Based on Raghabendra Chattopadhyay and Esther Duflo. 2004. Women as Policy Makers: Evidence from a Randomized Policy Experiment in India, Econometrica, 72(5): 1409–43.
All materials presented here build on the resources for instructors designed by Elena Llaudet and Kosuke Imai in Data Analysis for Social Science: A Friendly and Practical Introduction (Princeton University Press).
Let’s continue working with the data from the experiment in India. As a reminder, Table 1 shows the names and descriptions of the variables in this dataset, where the unit of observation is villages.
Table 1: Variables in “india.csv”
Variable | Description |
---|---|
village | village identifier (“Gram Panchayat number_village number”) |
female | whether village was assigned a female politician: 1=yes, 0=no |
water | number of new (or repaired) drinking water facilities in the village since random assignment |
irrigation | number of new (or repaired) irrigation facilities in the village since random assignment |
In this problem set, we will practice (1) how to estimate an average treatment effect using data from a randomized experiment and (2) how to write a conclusion statement.
As always, we will start by loading and looking at the data (don’t forget to set your working directory first!):
village female water irrigation
1 GP1_village2 1 10 0
2 GP1_village1 1 0 5
3 GP2_village2 1 2 2
4 GP2_village1 1 31 4
5 GP3_village2 0 0 0
6 GP3_village1 0 0 0
install.packages("tidyverse") # installing tidyverse packages, if we have not already
india %>% count(female) # calculates the number of villages with each value of female in the dataframe india
female n
1 0 214
2 1 108
we can see that 108 of the villages in our sample were assigned female politicians (female == 1) while 214 were not (female == 0).
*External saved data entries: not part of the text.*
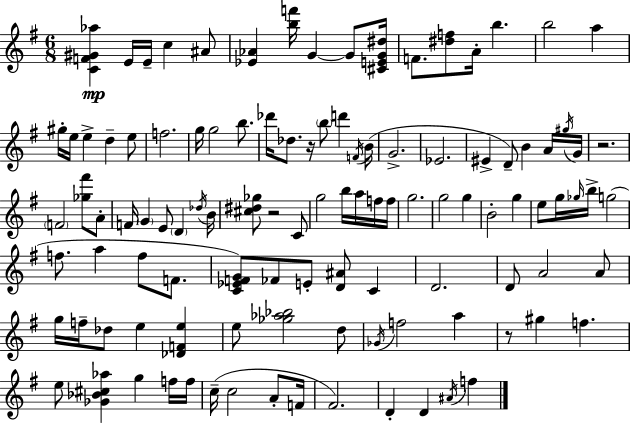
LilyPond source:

{
  \clef treble
  \numericTimeSignature
  \time 6/8
  \key e \minor
  <c' f' gis' aes''>4\mp e'16 e'16-- c''4 ais'8 | <ees' aes'>4 <b'' f'''>16 g'4~~ g'8 <cis' e' g' dis''>16 | f'8. <dis'' f''>8 a'16-. b''4. | b''2 a''4 | \break gis''16-. e''16 e''4-> d''4-- e''8 | f''2. | g''16 g''2 b''8. | des'''16 des''8. r16 \parenthesize b''8 d'''4 \acciaccatura { f'16 }( | \break b'16 g'2.-> | ees'2. | eis'4-> d'8--) b'4 a'16 | \acciaccatura { gis''16 } g'16 r2. | \break \parenthesize f'2 <ges'' fis'''>8 | a'8-. f'16 \parenthesize g'4 e'8 \parenthesize d'4 | \acciaccatura { des''16 } b'16 <cis'' dis'' ges''>8 r2 | c'8 g''2 b''16 | \break a''16 f''16 f''16 g''2. | g''2 g''4 | b'2-. g''4 | e''8 g''16 \grace { ges''16 } b''16-> g''2( | \break f''8. a''4 f''8 | f'8. <c' ees' f' g'>8) fes'8 e'8-. <d' ais'>8 | c'4 d'2. | d'8 a'2 | \break a'8 g''16 f''16-- des''8 e''4 | <des' f' e''>4 e''8 <ges'' aes'' bes''>2 | d''8 \acciaccatura { ges'16 } f''2 | a''4 r8 gis''4 f''4. | \break e''8 <ges' bes' cis'' aes''>4 g''4 | f''16 f''16 c''16--( c''2 | a'8-. f'16 fis'2.) | d'4-. d'4 | \break \acciaccatura { ais'16 } f''4 \bar "|."
}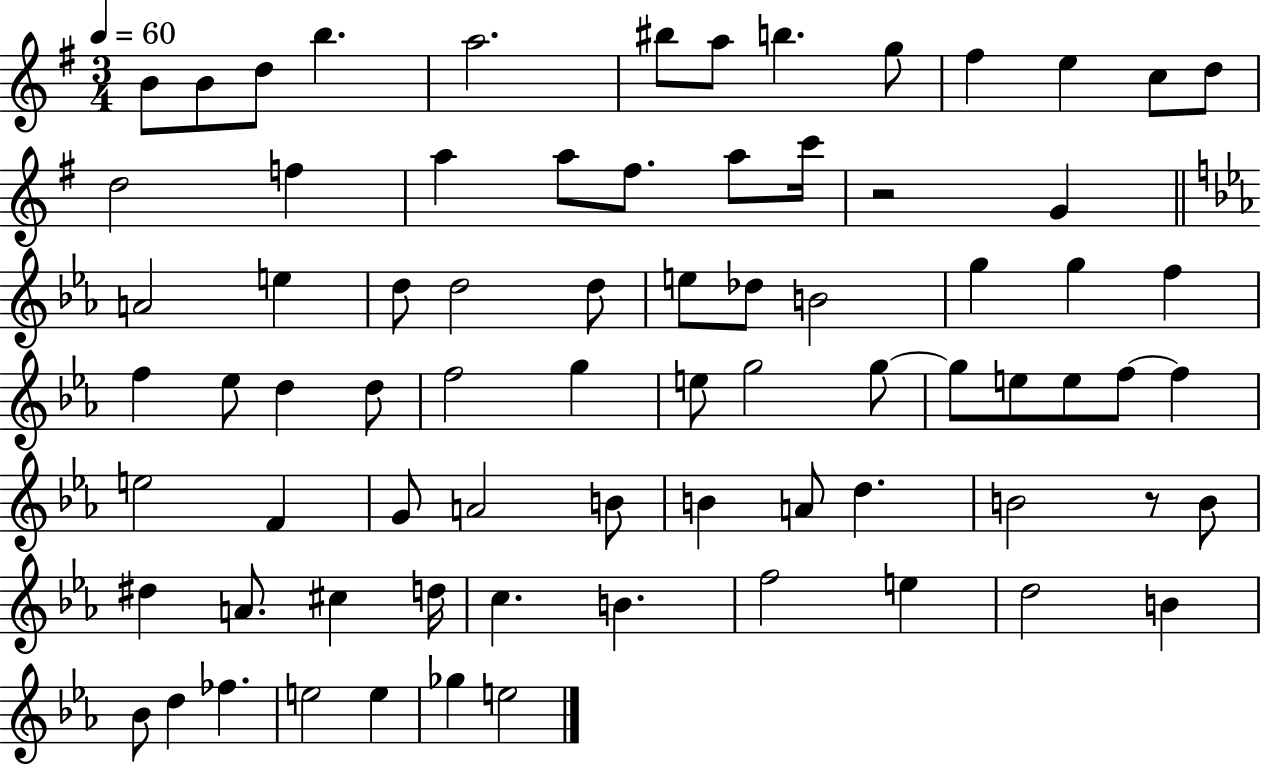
X:1
T:Untitled
M:3/4
L:1/4
K:G
B/2 B/2 d/2 b a2 ^b/2 a/2 b g/2 ^f e c/2 d/2 d2 f a a/2 ^f/2 a/2 c'/4 z2 G A2 e d/2 d2 d/2 e/2 _d/2 B2 g g f f _e/2 d d/2 f2 g e/2 g2 g/2 g/2 e/2 e/2 f/2 f e2 F G/2 A2 B/2 B A/2 d B2 z/2 B/2 ^d A/2 ^c d/4 c B f2 e d2 B _B/2 d _f e2 e _g e2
india %>% count(female) %>% mutate(prop = prop.table(n)) # calculates the proportion of sample villages with each value of female in the dataframe india
female n prop
1 0 214 0.6645963
2 1 108 0.3354037
Proportions can be transformed into percentages by multiplying by 100. Therefore, we can say that 66.46% (0.6645963 * 100, to 2 decimal places) of our sample is made up of villages that have male politicians (female == 0) and 33.54% (0.3354037 * 100, to 2 decimal places) of our sample is made up of villages that have female politicians (female == 1).
install.packages("ggplot2") # installing ggplot2 package
ggplot(data = india, aes(x = irrigation)) +
geom_histogram()
First, we install and load the ggplot2 package which contains the ggplot() function. Then, in the third code chunk we write our code which produces our histogram. When we create any type of graph, we start with the ggplot() function, which creates a canvas to add plot elements to. It takes two parameters. The first is the dataframe, here we use the dataframe india. The second specifies which columns of the dataframe we are looking to plot and onto which axis, using the aes() function. Here we map the column - or variable - irrigation to the x axis. Simply specifying these two parameters will not draw our graph. To produce a histogram, we then need to add a histogram geometry to our code using the function geom_histogram().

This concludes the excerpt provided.